Steve Kersh, the chief meteorologist for ProNews 7 in Amarillo, sent out this interesting tweet this morning: “Despite resumed pumping of the lake, Meredith continues rising! Others, unfortunately dropping.”
Who knew?
Lake Meredith’s levels have been rising fairly steadily over the past several months.
It had dropped to around 26 feet, down almost 75 percent from its historic high of 103 feet back in the early 1970s. It’s now at nearly 44 feet.
The rise in the lake levels has prompted the Canadian River Municipal Water Authority to resume pumping water from the lake for the 11 communities served by the water-control agency. That includes Amarillo and Lubbock.

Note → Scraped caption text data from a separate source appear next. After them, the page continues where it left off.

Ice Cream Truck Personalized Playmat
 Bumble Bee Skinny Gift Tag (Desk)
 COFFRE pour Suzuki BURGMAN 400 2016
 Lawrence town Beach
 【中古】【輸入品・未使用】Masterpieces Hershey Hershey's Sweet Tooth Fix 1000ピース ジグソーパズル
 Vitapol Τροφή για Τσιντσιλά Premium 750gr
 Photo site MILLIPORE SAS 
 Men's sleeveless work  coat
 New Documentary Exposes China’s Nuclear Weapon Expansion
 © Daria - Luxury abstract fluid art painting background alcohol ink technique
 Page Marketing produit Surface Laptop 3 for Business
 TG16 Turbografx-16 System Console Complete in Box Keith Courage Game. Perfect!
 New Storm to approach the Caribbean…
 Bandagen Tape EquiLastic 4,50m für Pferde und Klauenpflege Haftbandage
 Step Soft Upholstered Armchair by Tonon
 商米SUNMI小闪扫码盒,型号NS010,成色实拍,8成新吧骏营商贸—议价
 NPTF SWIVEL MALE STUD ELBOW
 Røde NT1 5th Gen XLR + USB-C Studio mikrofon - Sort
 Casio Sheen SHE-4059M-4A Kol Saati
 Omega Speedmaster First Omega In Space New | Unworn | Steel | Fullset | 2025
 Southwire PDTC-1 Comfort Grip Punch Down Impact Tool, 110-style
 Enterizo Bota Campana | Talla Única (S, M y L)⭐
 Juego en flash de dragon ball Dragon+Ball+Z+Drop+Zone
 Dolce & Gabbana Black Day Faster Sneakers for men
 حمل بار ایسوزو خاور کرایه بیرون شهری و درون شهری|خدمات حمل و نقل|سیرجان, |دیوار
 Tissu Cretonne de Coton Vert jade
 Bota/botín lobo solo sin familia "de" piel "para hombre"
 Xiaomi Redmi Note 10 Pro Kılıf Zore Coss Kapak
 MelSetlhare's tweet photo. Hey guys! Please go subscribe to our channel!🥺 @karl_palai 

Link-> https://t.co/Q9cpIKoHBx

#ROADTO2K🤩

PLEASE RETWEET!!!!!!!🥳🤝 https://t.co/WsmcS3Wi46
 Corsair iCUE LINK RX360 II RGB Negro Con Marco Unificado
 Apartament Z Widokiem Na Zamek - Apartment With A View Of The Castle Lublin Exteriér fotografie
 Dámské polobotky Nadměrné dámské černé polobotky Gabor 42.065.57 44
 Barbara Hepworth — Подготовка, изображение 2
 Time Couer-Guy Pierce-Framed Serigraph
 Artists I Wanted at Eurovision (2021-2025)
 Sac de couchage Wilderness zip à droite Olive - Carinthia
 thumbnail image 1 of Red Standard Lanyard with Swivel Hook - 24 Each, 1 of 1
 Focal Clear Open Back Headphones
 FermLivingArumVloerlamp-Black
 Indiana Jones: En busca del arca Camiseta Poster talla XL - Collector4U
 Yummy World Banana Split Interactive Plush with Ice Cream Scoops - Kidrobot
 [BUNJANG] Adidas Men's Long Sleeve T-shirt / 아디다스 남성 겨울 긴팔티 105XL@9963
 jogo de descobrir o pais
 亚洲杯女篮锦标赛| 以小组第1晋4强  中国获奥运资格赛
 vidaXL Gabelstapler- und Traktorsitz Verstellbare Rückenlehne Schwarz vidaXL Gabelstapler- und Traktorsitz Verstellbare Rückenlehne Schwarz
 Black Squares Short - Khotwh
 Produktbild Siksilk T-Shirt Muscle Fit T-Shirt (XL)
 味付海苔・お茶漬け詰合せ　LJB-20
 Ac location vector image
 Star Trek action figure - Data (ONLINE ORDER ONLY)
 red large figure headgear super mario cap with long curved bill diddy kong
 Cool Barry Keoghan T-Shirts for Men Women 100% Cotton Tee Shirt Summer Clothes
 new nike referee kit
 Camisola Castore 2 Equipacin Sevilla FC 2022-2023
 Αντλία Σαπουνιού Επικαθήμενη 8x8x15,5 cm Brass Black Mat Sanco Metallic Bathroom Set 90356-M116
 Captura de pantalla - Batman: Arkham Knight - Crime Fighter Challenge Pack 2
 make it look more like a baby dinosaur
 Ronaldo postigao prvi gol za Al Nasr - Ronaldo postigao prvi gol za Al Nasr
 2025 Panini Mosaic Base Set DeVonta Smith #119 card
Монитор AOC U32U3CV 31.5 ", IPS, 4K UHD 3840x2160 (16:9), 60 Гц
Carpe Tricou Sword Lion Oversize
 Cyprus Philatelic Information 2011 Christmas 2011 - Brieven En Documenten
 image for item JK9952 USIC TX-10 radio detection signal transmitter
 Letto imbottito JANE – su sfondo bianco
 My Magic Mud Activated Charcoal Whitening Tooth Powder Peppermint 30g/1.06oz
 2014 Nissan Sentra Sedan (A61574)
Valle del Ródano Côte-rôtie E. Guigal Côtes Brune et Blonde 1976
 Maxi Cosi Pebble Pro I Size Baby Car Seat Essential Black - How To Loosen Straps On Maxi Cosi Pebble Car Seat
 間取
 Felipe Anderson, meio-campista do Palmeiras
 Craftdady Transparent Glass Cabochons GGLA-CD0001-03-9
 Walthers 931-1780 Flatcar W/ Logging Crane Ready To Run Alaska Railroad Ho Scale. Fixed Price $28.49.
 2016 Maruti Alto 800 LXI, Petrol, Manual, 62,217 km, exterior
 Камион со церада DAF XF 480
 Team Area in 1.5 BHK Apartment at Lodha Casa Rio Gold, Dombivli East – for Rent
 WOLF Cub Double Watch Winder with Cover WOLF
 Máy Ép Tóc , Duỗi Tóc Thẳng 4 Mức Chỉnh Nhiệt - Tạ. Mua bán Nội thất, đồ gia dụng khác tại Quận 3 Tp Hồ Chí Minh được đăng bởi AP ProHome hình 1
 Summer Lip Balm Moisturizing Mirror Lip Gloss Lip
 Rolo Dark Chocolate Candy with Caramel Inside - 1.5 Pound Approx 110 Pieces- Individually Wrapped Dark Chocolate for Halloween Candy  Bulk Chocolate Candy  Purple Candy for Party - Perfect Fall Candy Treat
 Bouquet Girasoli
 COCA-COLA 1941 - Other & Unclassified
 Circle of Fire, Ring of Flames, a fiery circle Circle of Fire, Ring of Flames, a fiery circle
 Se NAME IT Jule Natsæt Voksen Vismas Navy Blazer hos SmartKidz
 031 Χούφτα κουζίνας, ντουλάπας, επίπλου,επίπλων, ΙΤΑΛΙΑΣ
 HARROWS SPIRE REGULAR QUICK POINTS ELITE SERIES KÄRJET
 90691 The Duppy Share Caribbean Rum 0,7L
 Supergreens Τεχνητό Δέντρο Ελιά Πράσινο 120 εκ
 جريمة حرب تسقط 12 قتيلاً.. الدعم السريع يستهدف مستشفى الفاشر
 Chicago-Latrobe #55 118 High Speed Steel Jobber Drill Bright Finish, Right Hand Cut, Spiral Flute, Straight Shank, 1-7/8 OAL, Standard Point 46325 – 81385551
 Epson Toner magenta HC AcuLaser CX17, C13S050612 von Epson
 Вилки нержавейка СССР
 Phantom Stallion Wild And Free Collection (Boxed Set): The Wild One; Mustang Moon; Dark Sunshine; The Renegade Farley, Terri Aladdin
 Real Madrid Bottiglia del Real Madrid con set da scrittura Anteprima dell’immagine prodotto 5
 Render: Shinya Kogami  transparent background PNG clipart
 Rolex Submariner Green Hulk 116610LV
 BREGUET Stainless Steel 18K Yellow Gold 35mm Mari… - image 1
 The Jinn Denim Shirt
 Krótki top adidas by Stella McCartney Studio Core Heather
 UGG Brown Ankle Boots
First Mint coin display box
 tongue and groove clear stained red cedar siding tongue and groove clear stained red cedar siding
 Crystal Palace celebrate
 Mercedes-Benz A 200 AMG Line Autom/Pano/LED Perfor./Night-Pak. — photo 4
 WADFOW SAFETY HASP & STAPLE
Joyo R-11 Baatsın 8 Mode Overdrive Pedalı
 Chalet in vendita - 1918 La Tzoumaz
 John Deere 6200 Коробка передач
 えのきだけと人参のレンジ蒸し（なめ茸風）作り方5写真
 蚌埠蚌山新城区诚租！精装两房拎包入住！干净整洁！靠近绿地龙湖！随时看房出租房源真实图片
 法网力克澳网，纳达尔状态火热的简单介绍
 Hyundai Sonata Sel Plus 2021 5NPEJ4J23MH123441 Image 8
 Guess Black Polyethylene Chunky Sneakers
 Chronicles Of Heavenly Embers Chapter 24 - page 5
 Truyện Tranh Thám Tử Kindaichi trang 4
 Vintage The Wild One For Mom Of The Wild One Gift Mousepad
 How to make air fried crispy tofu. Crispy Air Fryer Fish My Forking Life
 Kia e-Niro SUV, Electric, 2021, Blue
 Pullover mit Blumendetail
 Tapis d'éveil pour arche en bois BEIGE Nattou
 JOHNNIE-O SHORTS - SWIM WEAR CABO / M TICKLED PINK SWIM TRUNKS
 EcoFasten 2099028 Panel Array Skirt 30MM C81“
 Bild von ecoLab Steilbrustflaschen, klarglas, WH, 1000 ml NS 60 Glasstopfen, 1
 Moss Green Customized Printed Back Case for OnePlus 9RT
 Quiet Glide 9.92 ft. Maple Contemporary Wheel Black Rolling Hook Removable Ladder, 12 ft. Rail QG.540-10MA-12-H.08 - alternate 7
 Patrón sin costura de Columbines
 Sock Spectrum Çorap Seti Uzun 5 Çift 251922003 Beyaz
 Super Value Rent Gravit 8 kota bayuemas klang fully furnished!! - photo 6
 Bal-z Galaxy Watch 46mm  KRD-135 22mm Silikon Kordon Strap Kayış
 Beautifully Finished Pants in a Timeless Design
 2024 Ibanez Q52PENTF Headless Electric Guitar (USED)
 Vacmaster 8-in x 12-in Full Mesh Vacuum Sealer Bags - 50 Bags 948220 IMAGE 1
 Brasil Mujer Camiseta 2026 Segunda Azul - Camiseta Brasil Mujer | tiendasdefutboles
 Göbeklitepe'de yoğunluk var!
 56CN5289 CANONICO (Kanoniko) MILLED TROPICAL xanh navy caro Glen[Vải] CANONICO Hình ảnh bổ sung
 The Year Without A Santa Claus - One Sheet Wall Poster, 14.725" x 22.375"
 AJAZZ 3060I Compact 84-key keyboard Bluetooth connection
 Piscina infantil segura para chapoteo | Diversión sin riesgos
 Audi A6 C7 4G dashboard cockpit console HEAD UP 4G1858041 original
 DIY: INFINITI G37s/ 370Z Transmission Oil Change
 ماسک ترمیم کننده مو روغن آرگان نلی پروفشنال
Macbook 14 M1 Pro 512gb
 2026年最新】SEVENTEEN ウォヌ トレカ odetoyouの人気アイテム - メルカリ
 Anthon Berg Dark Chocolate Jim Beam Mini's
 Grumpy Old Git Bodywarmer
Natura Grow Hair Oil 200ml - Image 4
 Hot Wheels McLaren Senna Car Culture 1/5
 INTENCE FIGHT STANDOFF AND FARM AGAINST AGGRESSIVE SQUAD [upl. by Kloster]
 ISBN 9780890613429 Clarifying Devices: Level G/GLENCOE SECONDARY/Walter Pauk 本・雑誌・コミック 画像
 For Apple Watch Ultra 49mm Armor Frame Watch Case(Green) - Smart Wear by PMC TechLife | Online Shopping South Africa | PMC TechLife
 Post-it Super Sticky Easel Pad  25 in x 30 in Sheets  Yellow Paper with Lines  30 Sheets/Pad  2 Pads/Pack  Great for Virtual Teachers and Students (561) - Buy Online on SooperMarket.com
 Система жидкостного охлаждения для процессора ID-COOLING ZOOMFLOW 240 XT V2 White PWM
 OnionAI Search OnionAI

The other lakes mentioned by Kersh are lakes Ute, Greenbelt and Mackenzie. Their levels are falling.
OK, so what’s in store?
CRMWA says it wants to protect the Ogallala Aquifer groundwater levels. Pumping surface water from Lake Meredith helps conserve aquifer supplies, says CRMWA.
I get all that. Still, it’s a Catch-22 situation. Saving one water level and the expense of the other — and you can flip that strategy on its ear — still means we’re depleting water from one important source. It matters little which one gets drained first.
Since I’m not the water expert, I am reluctant to second-guess those who know more about this subject than I do.
It well might be that preserving the aquifer is in the better long-term interests of the region, given that when the Ogallala runs dry, then it’s dry for a very long time — as in forever.
OK, folks. In the meantime, let’s keep praying for more rain.